Final answer:
To calculate the entropy change per mole of a diatomic ideal gas, you can use the formula ΔS = nCv ln(T₂/T₁) + nR ln(V₂/V₁), where n is the number of moles, Cv is the molar heat capacity at constant volume, T₁ and T₂ are the initial and final temperatures, V₁ and V₂ are the initial and final volumes, and R is the ideal gas constant.
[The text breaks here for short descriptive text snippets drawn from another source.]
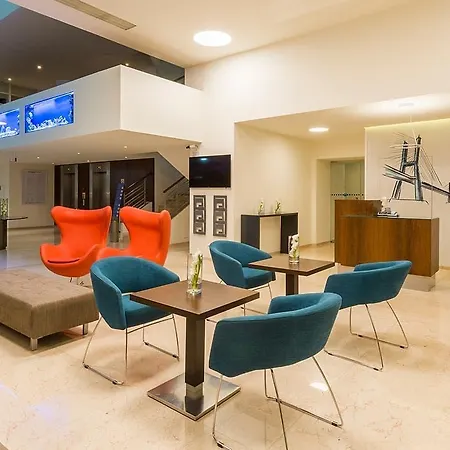 Hotel Melia Oriente Lizbona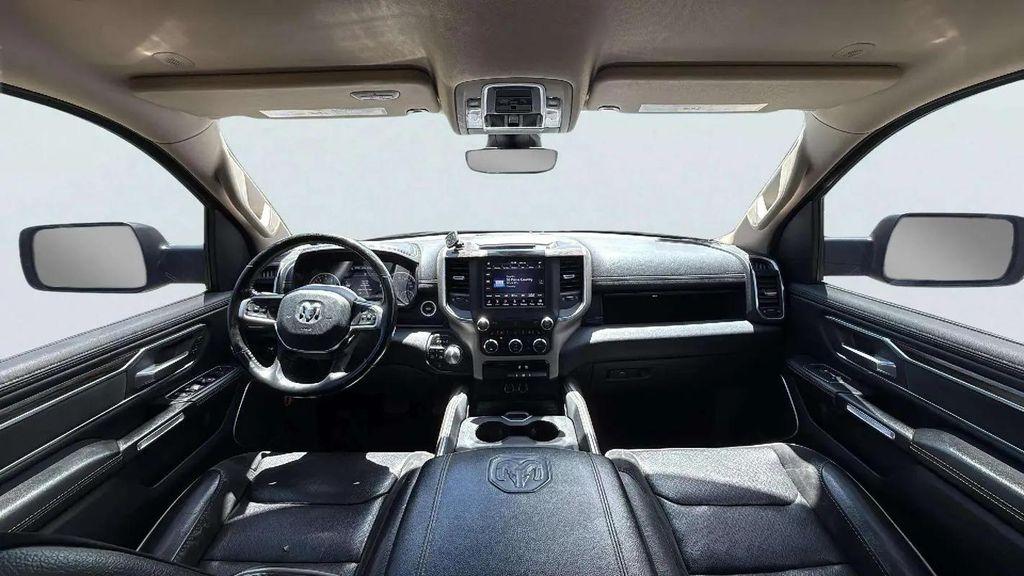 used 2020 Ram 1500 car, priced at $27,988
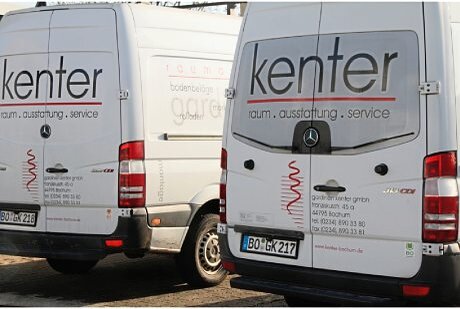 Gardinen Kenter GmbH aus Bochum Gardinen Kenter GmbH aus Bochum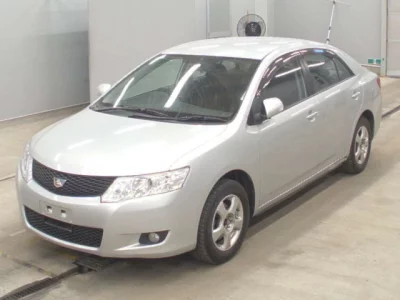 Toyota ALLION  с аукциона в Японии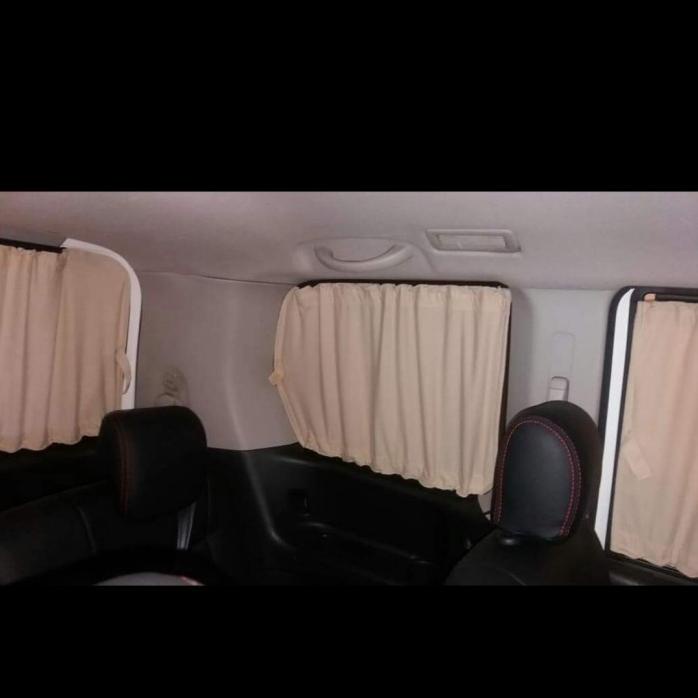 Gorden Mobil Kijang Super Grand Short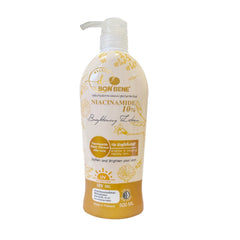 BON BENE 10% Niacinamide Brightening Lotion, 500Ml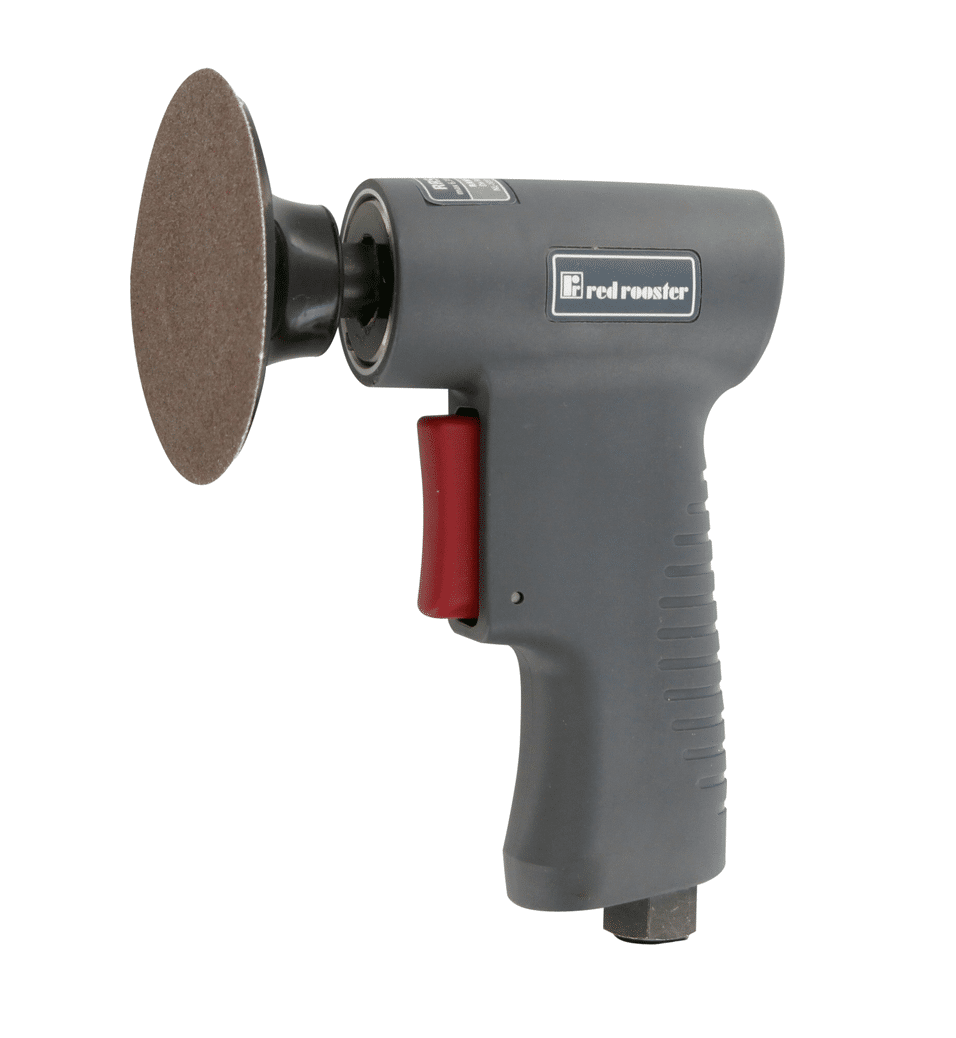 Product afbeelding Red Rooster Automotive Mini schuurmachine 75 mm - RRS-60153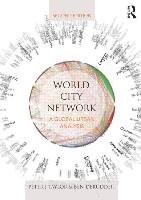 World City Network - Taylor Peter J., Derudder Ben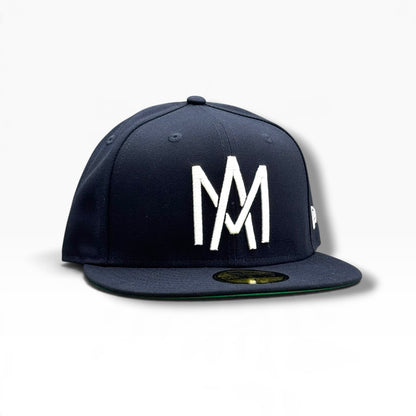 GORRA AGUILAS DE MEXICALI AZUL MARINO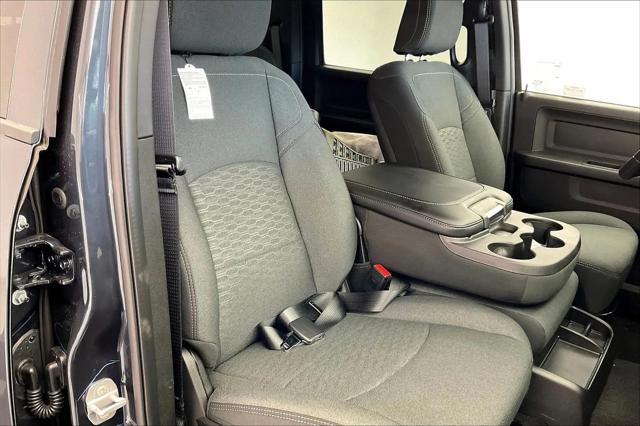 2026 Ram 2500 Tradesman Crew Cab 4x4 64 Box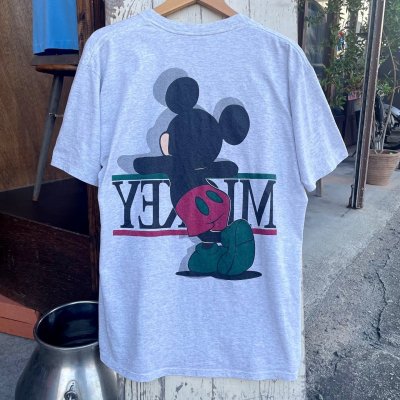 画像2: 【Disney MICKEY ミッキー Tシャツ FLORIDA NO2506281】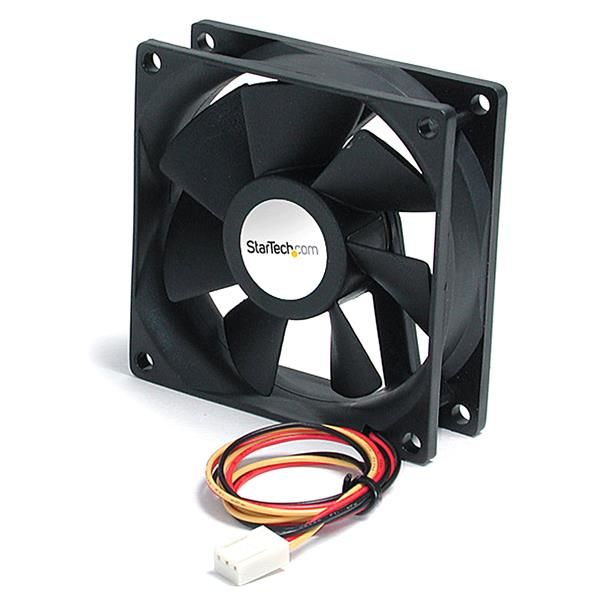 Ventilator StarTech FAN9X25TX3L ,92 x 92 x 25 mm ,1800 rpm ,Negru 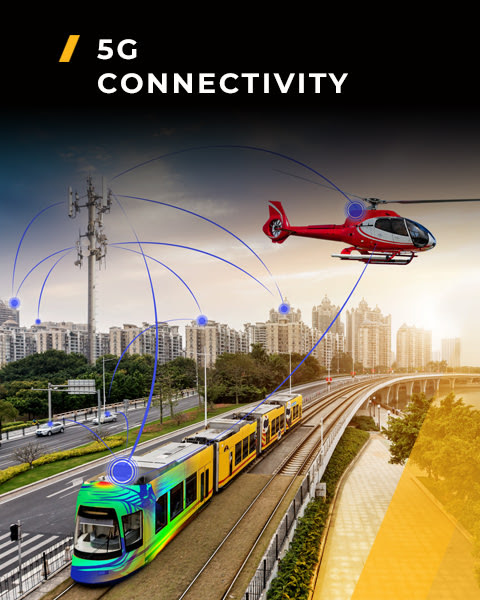 Направление «Связь 5G» («5G Connectivity») | Ansys Simulation World 2021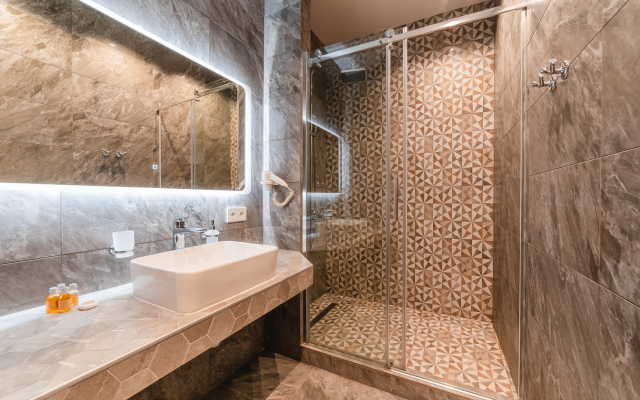 Апартаменты Гурзуф Ривьера Спа и Резиденции корпус Ривьера 12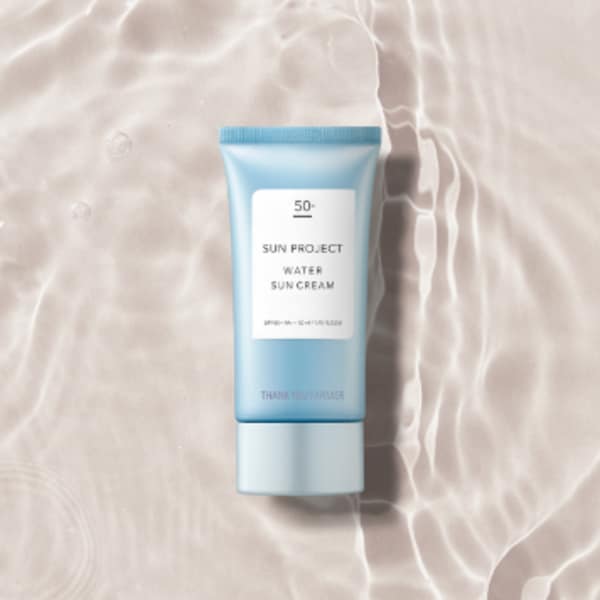 Thank You Farmer Sun Project Water Sun Cream Spf50+ Pa+++ 50ml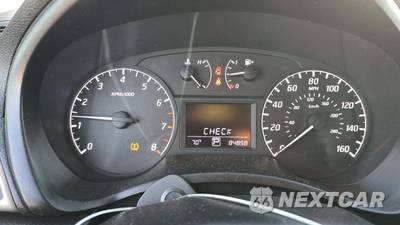 2013 Nissan Sentra FE+ S - zdjęcie 19 z 27 - miniatura
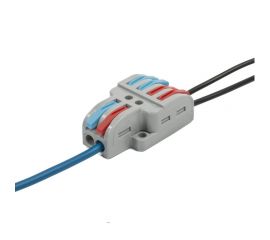 Ответвительная клемма КВТ СМК 222-424 87641 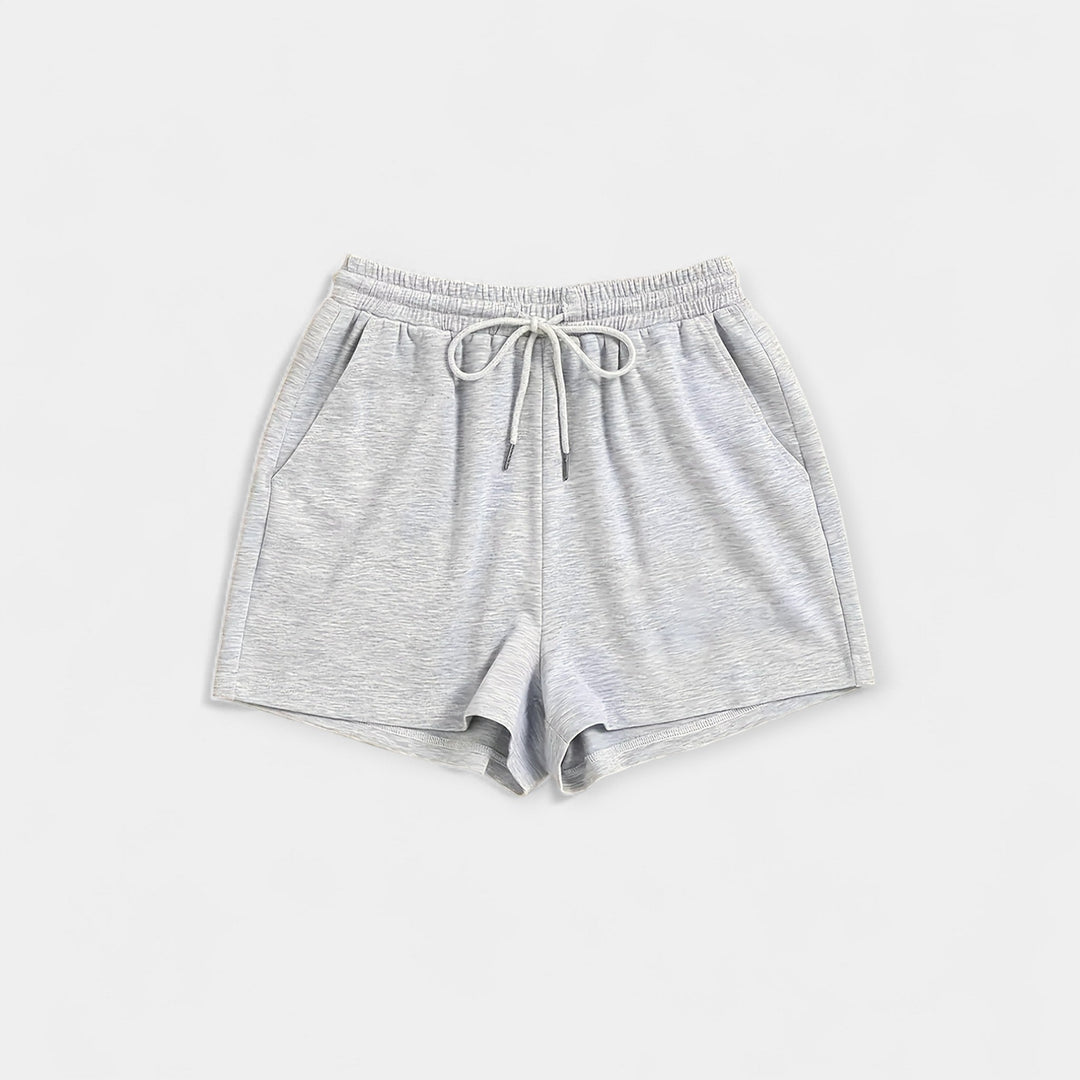 Pantalones Cortos de Encaje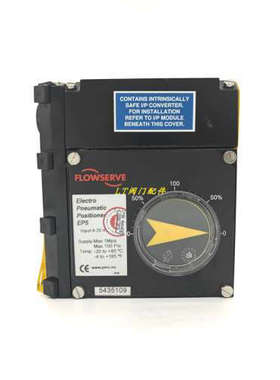 Flowserve福斯EP5XX-HPNU-39K21-FS8DA-4Z数字阀门定位器控制器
For a diatomic gas, Cv can be calculated using the formula Cv = (y/2)R, where y is the ratio of specific heats.
Step-by-step explanation:
The entropy change per mole of a diatomic ideal gas can be determined using the formula:
ΔS = nCv ln(T₂/T₁) + nR ln(V₂/V₁)
Where:
- ΔS is the entropy change per mole
- n is the number of moles of the gas
- Cv is the molar heat capacity at constant volume
- T₁ and T₂ are the initial and final temperatures, respectively
- V₁ and V₂ are the initial and final volumes, respectively
- R is the ideal gas constant
In this case, the gas is diatomic, so the specific heat capacity at constant volume (Cv) can be calculated using the formula: Cv = (y/2)R, where y is the ratio of specific heats. The ratio of specific heats for a diatomic ideal gas is 7/5, so Cv = (7/10)R.